### The data

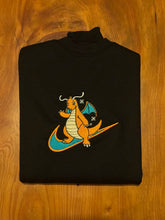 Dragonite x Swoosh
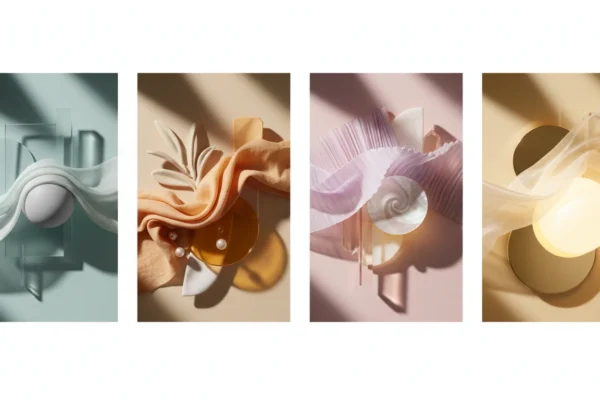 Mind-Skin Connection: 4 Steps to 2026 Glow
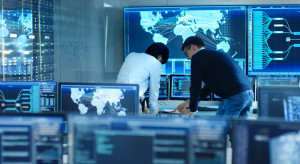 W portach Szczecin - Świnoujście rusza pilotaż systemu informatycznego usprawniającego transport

* * *

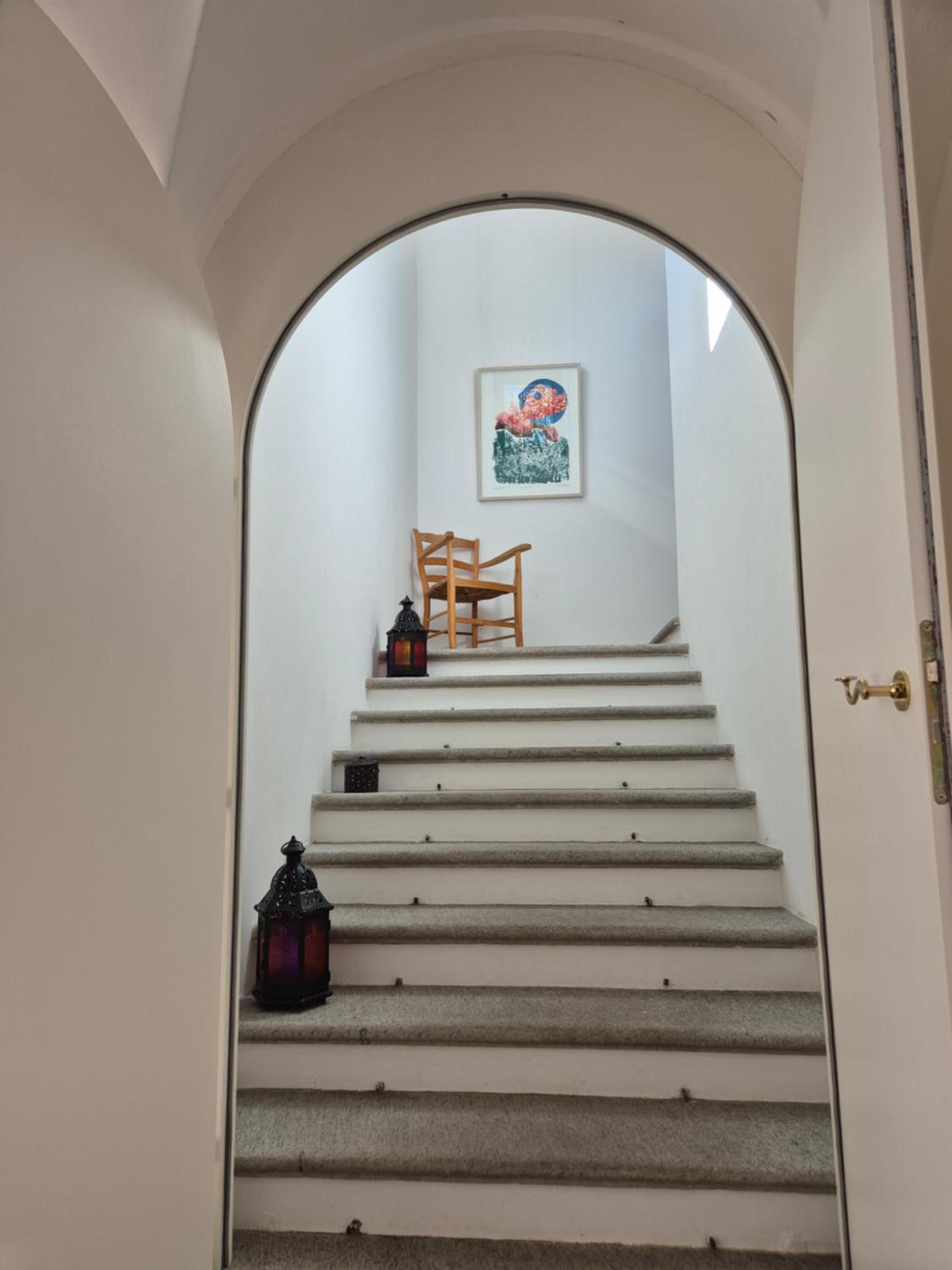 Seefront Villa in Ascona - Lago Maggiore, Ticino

### Problem description
Nothing but the lines from the one containing "Dragonite x Swoosh" through the one containing "W portach Szczecin" should appear, copied exactly from the material above and without pictures.

### Response to this exercise
 Dragonite x Swoosh
 Mind-Skin Connection: 4 Steps to 2026 Glow
 W portach Szczecin - Świnoujście rusza pilotaż systemu informatycznego usprawniającego transport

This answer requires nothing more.